Action item ▸
Having located the line with "34 Bruce Street, Tolland NSW 2650", print it and each remaining line exactly, stopping at the end of the material and omitting pictures.

Collected data ▸
-=-=-=-=-
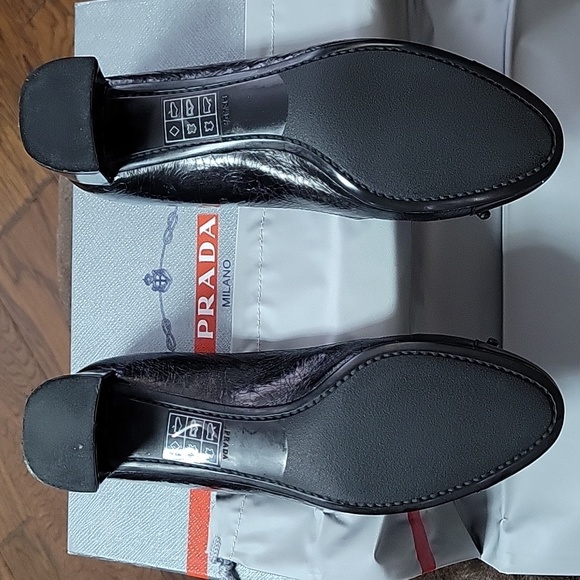 Prada pumps - Picture 9 of 9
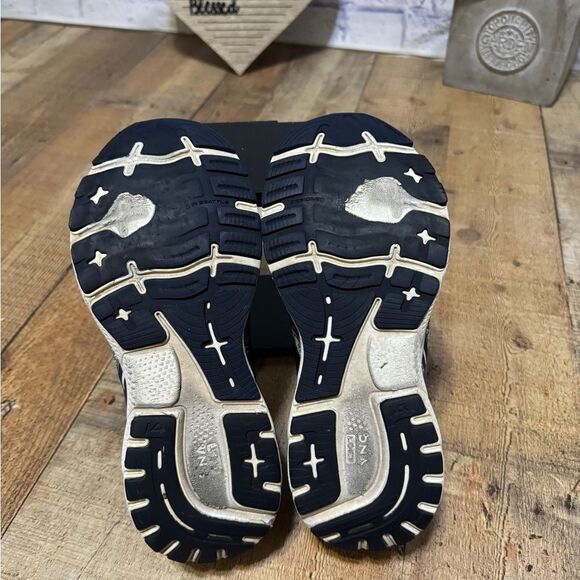 BROOKS WOMEN'S GHOST 14 size 8.5 - Picture 10 of 10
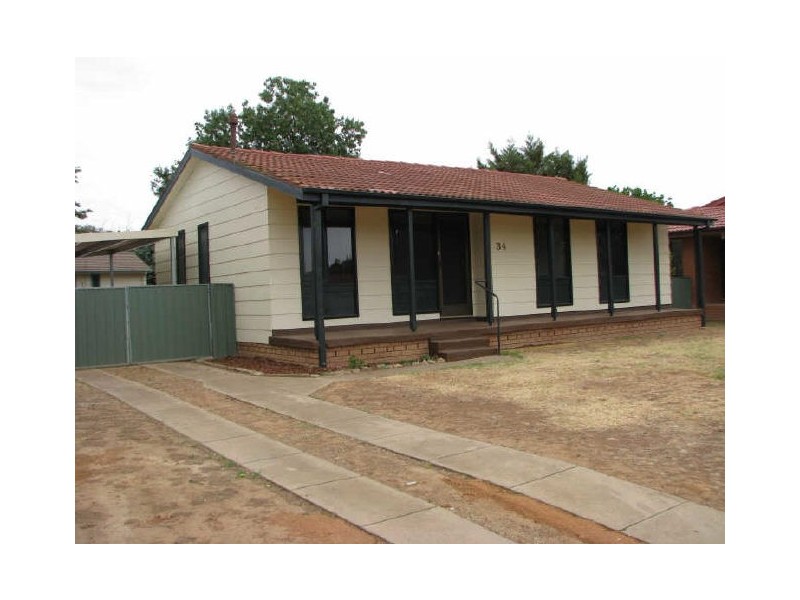 34 Bruce Street, Tolland NSW 2650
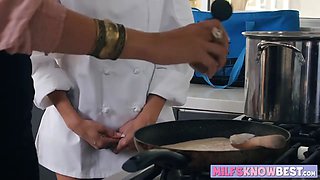 Young lezzie chef gobbled in sixty 9 pose by manager cougar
-=-=-=-=-
The completed task ▸
 34 Bruce Street, Tolland NSW 2650
 Young lezzie chef gobbled in sixty 9 pose by manager cougar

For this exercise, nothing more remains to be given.